The Times of India
Can governments in secular democracy allot land to religious institutions? SC to address
Dhananjay Mahapatra | Updated: Jan 21, 2017, 07.13 AM IST
NEW DELHI: The Supreme Court decided on Friday to address whether a government in a secular democracy like ours could allot land free of cost to a community for construction of a religious institution like temple, mosque or church.
Dealing with a petition which challenged Tamil Nadu government's decision on September 24, 1986 to allot 0.27 acres of land free of cost in Ullagaram village in Sadiapet taluk near Chennai (then Madras) for construction of a mosque, a bench of Chief Justice J S Khehar and Justice D Y Chandrachud said instead of dealing with the issue piecemeal, it would be better to settle the larger issue.

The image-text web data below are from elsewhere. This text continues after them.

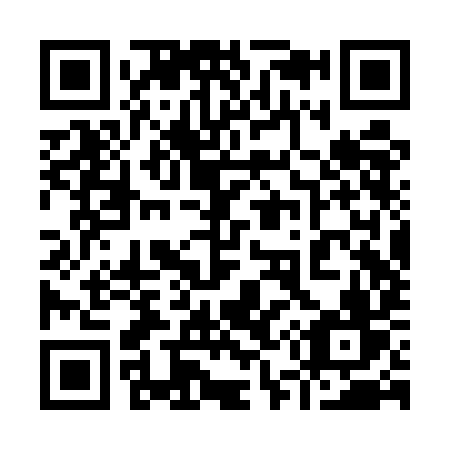 QR code for 952-UIV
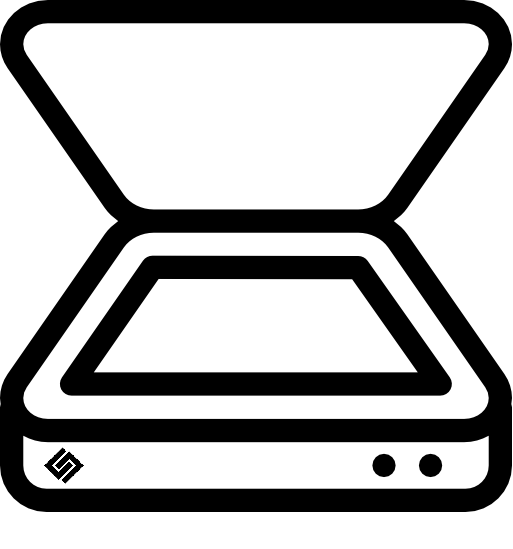 scanner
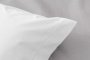 Чехол для матраса  Чехол на подушку МИР Матрасов Protect-a-Bed Plush в Санкт-Петербурге 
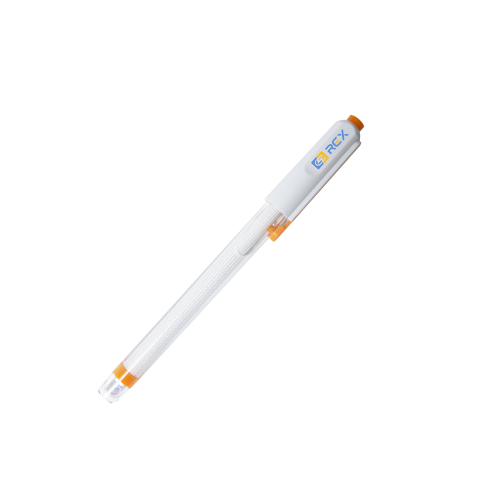 INESA-E-201-C.pH kompozit elektrotu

It directed the apex court registry to list for March 20 all similar petitions pending in the SC. "We will work it out for everyone. It will be a better idea to sort out the issue once and for all. We cannot do it piecemeal," the bench said.

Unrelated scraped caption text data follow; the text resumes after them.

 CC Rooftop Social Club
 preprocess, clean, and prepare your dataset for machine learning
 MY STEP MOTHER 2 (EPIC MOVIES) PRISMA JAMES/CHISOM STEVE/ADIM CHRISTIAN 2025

The petition by Federation of Chennai Suburban (South) Welfare Assocition had challenged the government order (GO) of September 24, 1986, by which the TN government had accepted the recommendation of the land administration commissioner and directed transfer of 0.27 acres to Muslim Cultural Association of Madipakkam, Chennai, for construction of a mosque without payment of any cost.
It was stipulated that if no such mosque was constructed within two years, the government would retake the land. It was challenged in Madras HC by one D Kannan, who claimed to be president of Hindu Munnani, who alleged that allotment of land free of cost to a particular community, that too for a religious purpose, was against the preamble of the Constitution and sought use of the same land for public purpose.
The HC had allowed transfer of land to the community for construction of mosque taking into consideration that there were more than 100 Muslim families in that area who had to go to a faraway mosque at Alandur to offer prayers.
Other petitions were also filed challenging the allotment of land and the HC finally decided the matter in the community's favour on June 10, 2008. It said, "Merely because the land is allotted for religious purpose, that will not change the secular character of the state and the religious right of each community has to be necessarily recognised in light of freedom guaranteed under Article 25 of the Constitution."